Prince Abdul Mateen, Brunei
2.3M Instagram followers | @tmski

Not much is known about Brunei – a tiny nation of 2200 square miles on the northern shore of the island of Borneo in the South China Sea – but one thing we do know it has a sensational 30-year-old Prince, not shy of flashing his stinking wealth or stylish lifestyle. His Royal Highness Prince Abdul Mateen, the 10th son of Sultan Hassanal Bolkiah, the longest-reigning monarch (after Queen Elizabeth II) and Prime Minister of Brunei, is quite the over-sharer on Instagram. From posting shirtless selfies to flying a chopper, riding a horse, cruising the Mediterranean, playing with leopard cubs, wearing insanely expensive watches or just being a handsome soldier in the military – the Prince has amassed a massive 2.3 million following on Instagram at par with some Hollywood celebrities. 

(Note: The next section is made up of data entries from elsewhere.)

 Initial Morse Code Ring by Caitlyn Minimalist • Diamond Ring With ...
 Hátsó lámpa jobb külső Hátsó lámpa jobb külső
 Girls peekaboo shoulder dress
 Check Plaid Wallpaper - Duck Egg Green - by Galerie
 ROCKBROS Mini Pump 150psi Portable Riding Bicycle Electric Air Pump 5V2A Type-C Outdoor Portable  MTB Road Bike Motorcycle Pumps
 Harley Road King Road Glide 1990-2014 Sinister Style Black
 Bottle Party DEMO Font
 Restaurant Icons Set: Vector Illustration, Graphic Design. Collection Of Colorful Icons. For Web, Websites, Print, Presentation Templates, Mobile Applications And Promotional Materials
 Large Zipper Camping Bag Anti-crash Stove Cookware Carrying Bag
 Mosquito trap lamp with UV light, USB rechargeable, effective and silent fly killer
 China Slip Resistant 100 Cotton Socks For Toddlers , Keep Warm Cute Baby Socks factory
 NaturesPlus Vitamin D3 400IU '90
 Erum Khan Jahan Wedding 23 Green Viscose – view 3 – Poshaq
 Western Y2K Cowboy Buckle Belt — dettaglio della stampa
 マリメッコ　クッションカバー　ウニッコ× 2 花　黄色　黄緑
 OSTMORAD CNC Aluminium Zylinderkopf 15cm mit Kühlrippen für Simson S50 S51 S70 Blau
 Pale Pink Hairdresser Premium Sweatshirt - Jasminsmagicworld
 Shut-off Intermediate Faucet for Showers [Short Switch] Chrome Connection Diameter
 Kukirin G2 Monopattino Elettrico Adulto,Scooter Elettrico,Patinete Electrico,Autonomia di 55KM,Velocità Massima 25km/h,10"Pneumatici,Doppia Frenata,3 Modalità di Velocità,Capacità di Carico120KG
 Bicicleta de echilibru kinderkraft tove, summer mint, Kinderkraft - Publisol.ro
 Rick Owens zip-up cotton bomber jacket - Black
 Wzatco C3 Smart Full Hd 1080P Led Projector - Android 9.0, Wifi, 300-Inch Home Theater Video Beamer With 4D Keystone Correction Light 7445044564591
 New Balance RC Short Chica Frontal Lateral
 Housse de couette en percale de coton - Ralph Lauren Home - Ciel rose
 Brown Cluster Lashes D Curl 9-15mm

With a super-rich father, the apparent estimated net worth is upwards of US$20 billion, the prince lives a pretty incredible, opulent life. A trained helicopter pilot, he earned the rank of second lieutenant after completing a gruelling 44-weeks course at UK’s Royal Military Academy, Sandhurst, where he hiked seven mountains within a day during a challenge! His love for sports is well known – an ardent David Beckham fan, he excels in snorkelling, skiing, golfing, boxing, rowing, polo, badminton, amongst others. The royal even represented Brunei at the Southeast Asian Games in 2017. 

Queen Jetsun Pema, Bhutan
237k Instagram followers | @queenjetsunpema

In October 2011, the beautiful Jetsun Pema, daughter of a pilot, married the ‘Dragon King’ of Bhutan to become the youngest living queen in the world at the tender age of 21. Often called the “William and Kate of the East”, the royals recently celebrated their tenth wedding anniversary. Her husband, King Jigme Khesar Namgyel Wangchuck indulged in PDA at the elaborate celebrations and joined the media to praise his effortlessly elegant wife, “I am very proud of her,” he said to the press. “She is a wonderful human being.”

According to The Washington Post reported that “in one version of events, the two met at a picnic when she was seven and he was 17; she reportedly came up to him and gave him a hug.” The queen’s family ties with the royals go back several generations. Though she’s the daughter of a pilot, her paternal great-grandfather was lord of the eastern province of Tashigang, and her maternal grandfather was the half-brother of the wife of Bhutan’s second king.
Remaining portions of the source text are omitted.